Connecting Permutation Equivariant Neural Networks and Partition Diagrams

Edward Pearce-Crump

Accepted for a live presentation at ECAI 2024, Santiago de Compostela, Spain.

Proceedings of the 27th European Conference on Artificial Intelligence, IOS Press Ebooks, 392:1511-1518, 2024.

392:1511-1518 arXiv: 2212.08648

Permutation equivariant neural networks are often constructed using tensor powers of $\mathbb{R}^{n}$ as their layer spaces. We show that all of the weight matrices that appear in these neural networks can be obtained from Schur-Weyl duality between the symmetric group and the partition algebra. In particular, we adapt Schur-Weyl duality to derive a simple, diagrammatic method for calculating the weight matrices themselves.

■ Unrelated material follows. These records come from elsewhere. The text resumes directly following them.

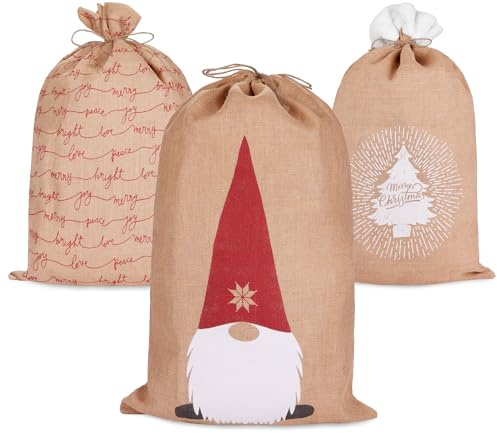 BRUBAKER 3er Set Weihnachtssack - 80 cm Geschenksack mit weihnachtlichen Motiven - Nikolausbeutel zum Befüllen und Verpacken von Geschenken - Weihnachtsdekoration Sack aus Jute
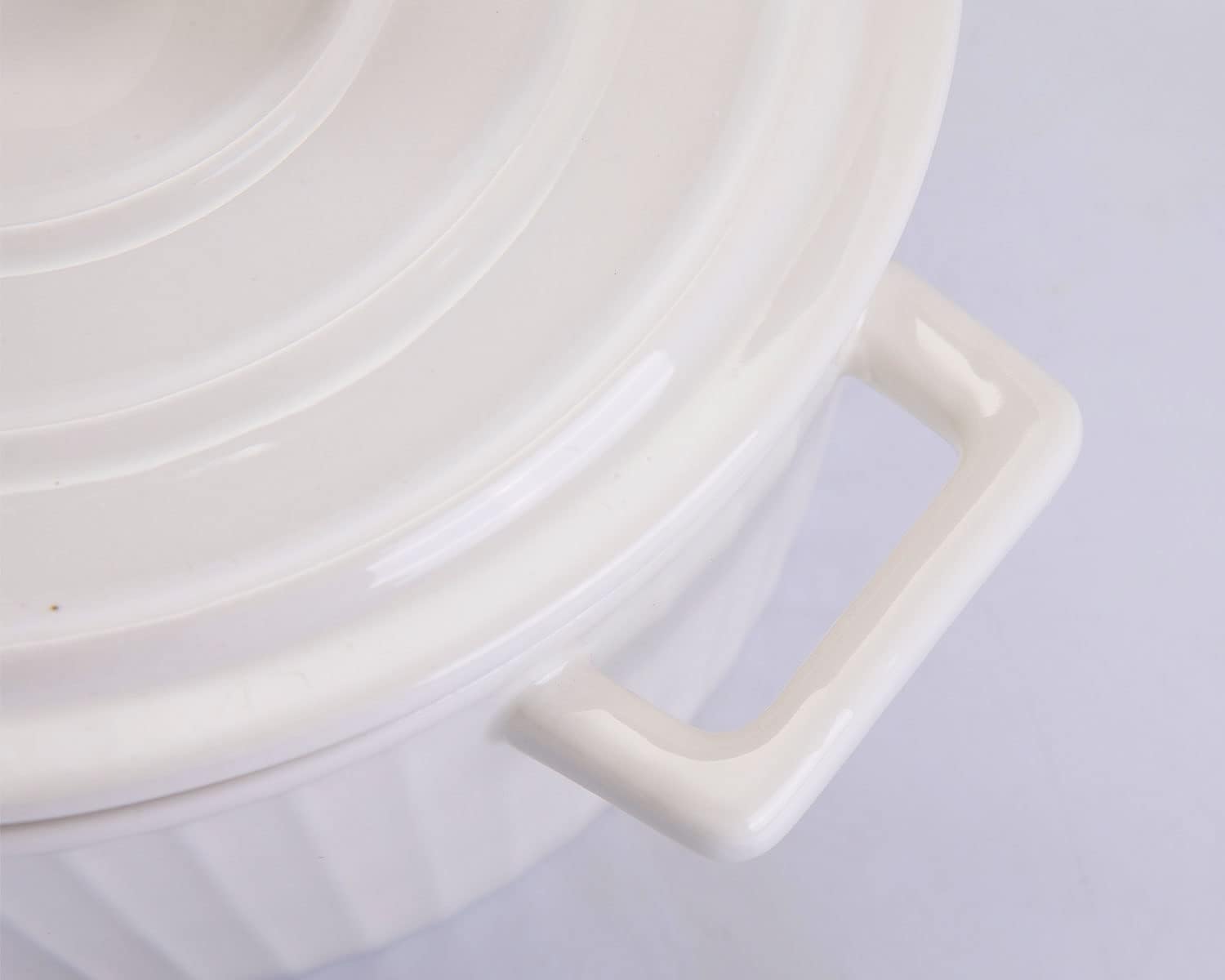 WHJY Ceramic Casserole Dish - White Colorful Design with Lid | 1 Quart Bakeware Oven Pan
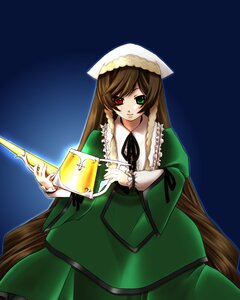 Rating: Safe Score: 0 Tags: 1girl brown_hair cup dress frills green_dress green_eyes heterochromia holding image long_hair long_sleeves looking_at_viewer red_eyes simple_background smile solo standing suiseiseki very_long_hair User: admin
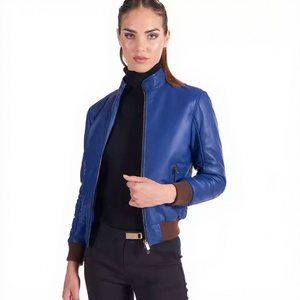 Veste en cuir véritable bleu pour femme, col montant, en peau de mouton, ourlet côtelé marron, style motard/bomber, personnalisée, chaude pour l'automne et l'hiver - Product Image 1
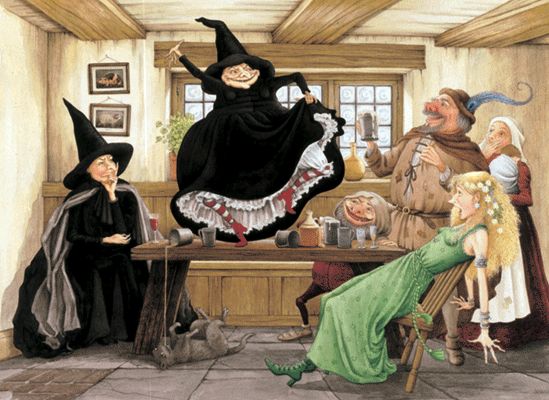 Image représentant les sorcières imaginées par Terry Pratchett dans la série de romans du Disque-monde.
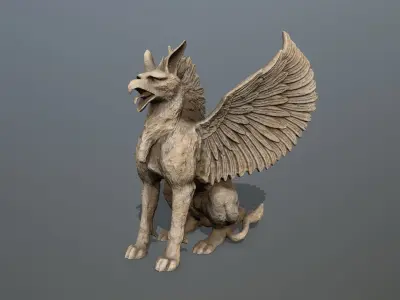 Statue Creature Low-poly 3D model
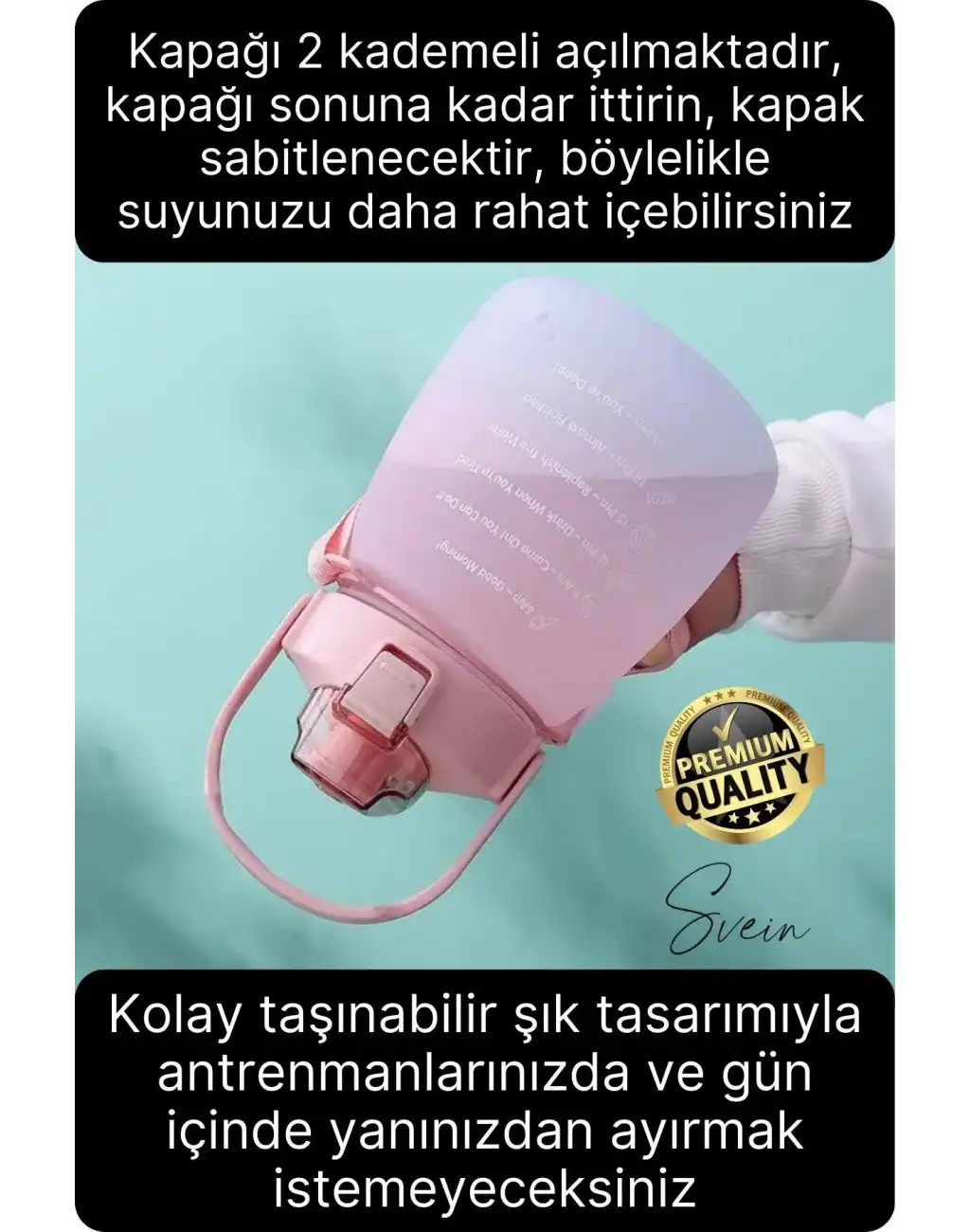 Askılı 1.3 Lt Pipetli Kilitli Sızdırmaz Kapak Tutacaklı Çift Renk Motivasyon Suluk Matara Kamp Okul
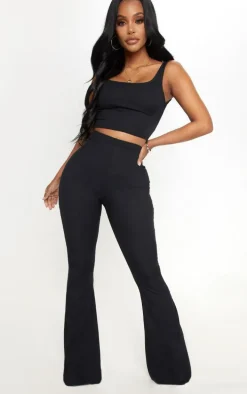 Shape Black Ribbed Flared Pants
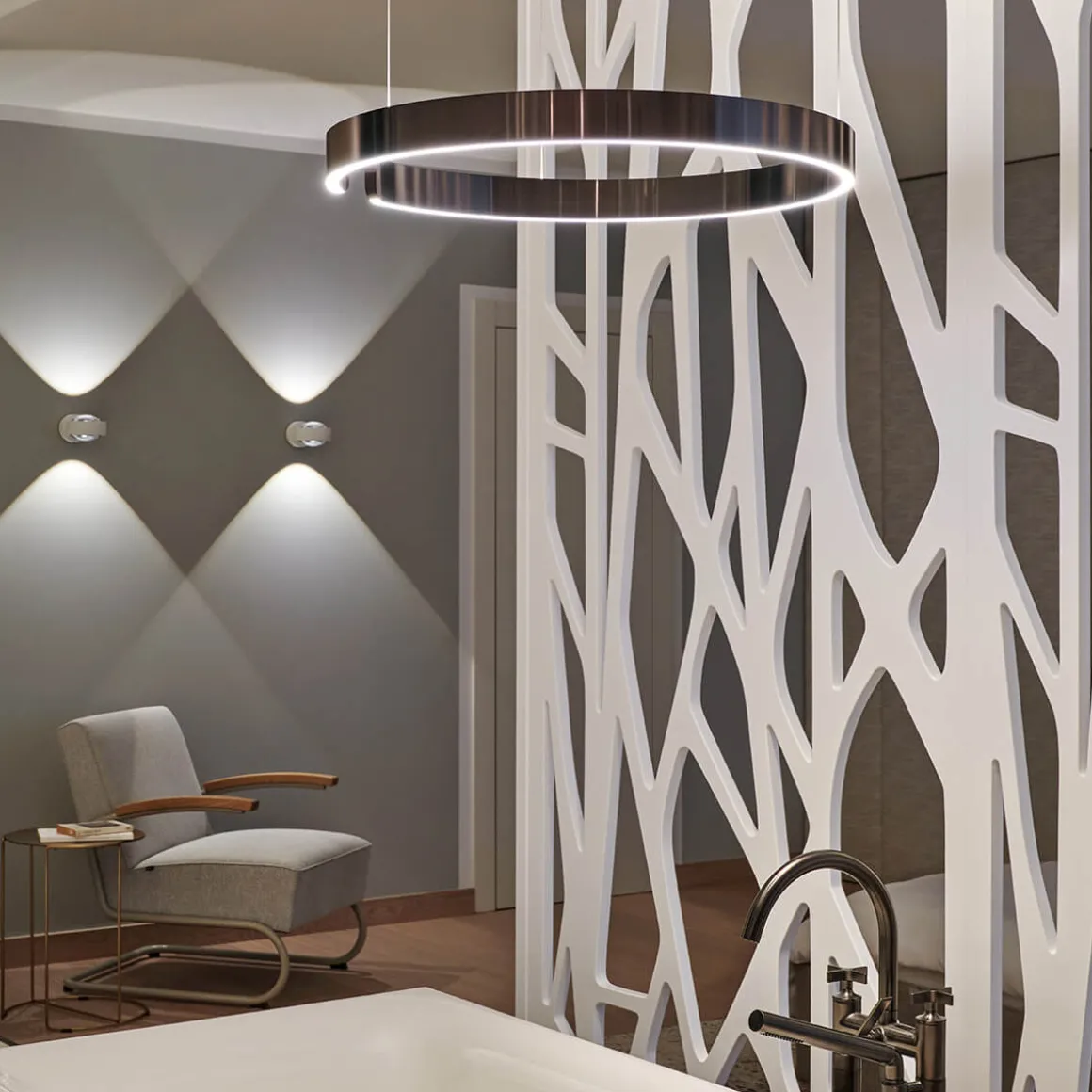 Occhio Sento D verticale up "air" LED Wandleuchte, 2700 K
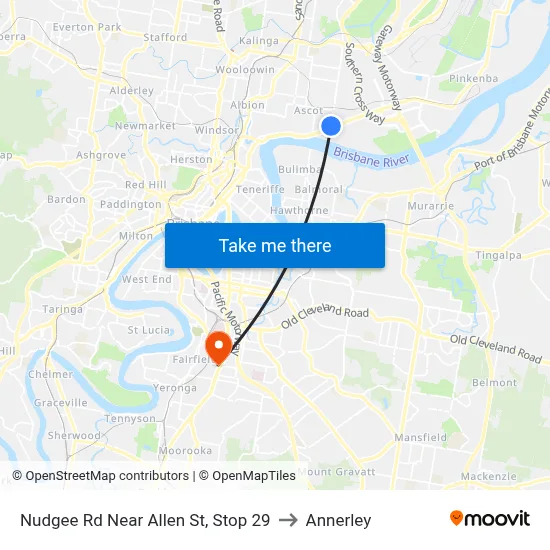 Nudgee Rd Near Allen St, Stop 29 to Annerley map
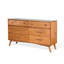Commode Amy de 60 po de largeur, 6 tiroirs, pieds en angle, bois massif brun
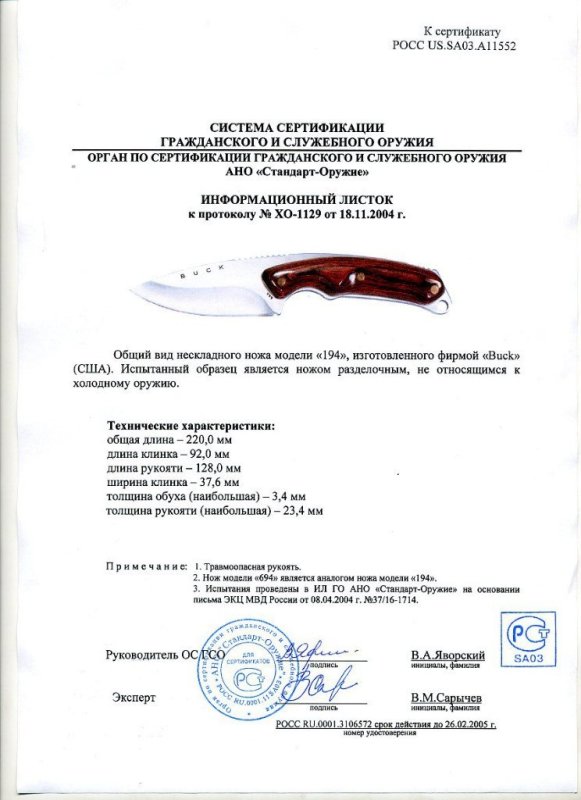 Нож нескладной Buck 194 (694)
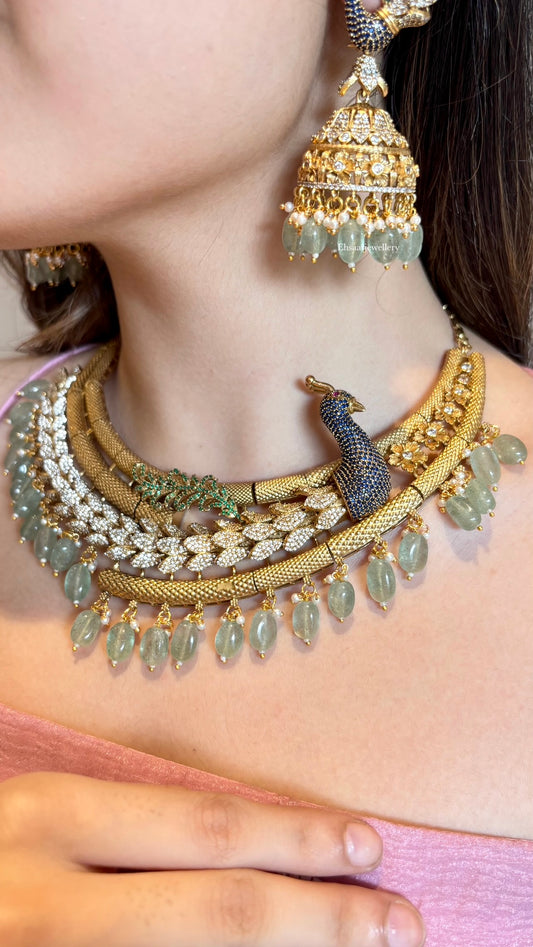 Royal Peacock Diamond Cocktail Necklace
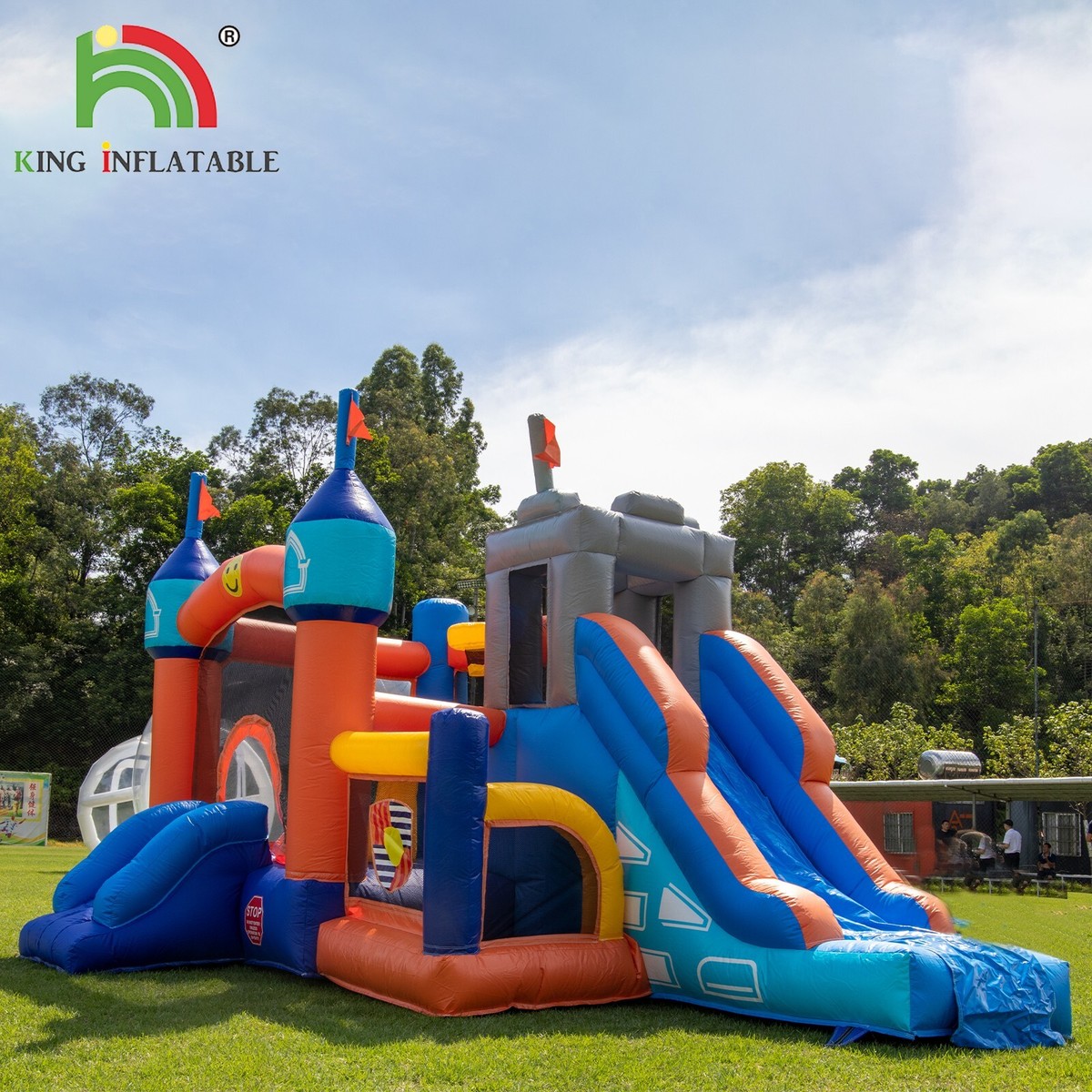 Castle Bounce House with Two Slides w/Blower Inflatable Bouncer Castle For  Kids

A Multigraph Approach for Performing the Quantum Schur Transform

Edward Pearce-Crump

Accepted for a poster presentation at QCTiP 2023, Cambridge, UK.

arXiv: 2204.10694

We take inspiration from the Okounkov--Vershik approach to the representation theory of the symmetric groups to develop a new way of understanding how the Schur--Weyl duality can be used to perform the Quantum Schur Transform. The Quantum Schur Transform is a unitary change of basis transformation between the computational basis of $(\mathbb{C}^d)^{\otimes n}$ and the Schur--Weyl basis of $(\mathbb{C}^d)^{\otimes n}$. We describe a new multigraph, which we call the Schur--Weyl--Young graph, that represents both standard Weyl tableaux and standard Young tableaux in the same diagram. We suggest a major improvement on Louck's formula for calculating the transition amplitudes between two standard Weyl tableaux appearing in adjacent levels of the Schur--Weyl--Young graph for the case $d=2$, merely by looking at the entries in the two tableaux. The key theoretical component that underpins our results is the discovery of a branching rule for the Schur--Weyl states, which we call the Schur--Weyl branching rule. This branching rule allows us to perform the change of basis transformation described above in a straightforward manner for any $n$ and $d$.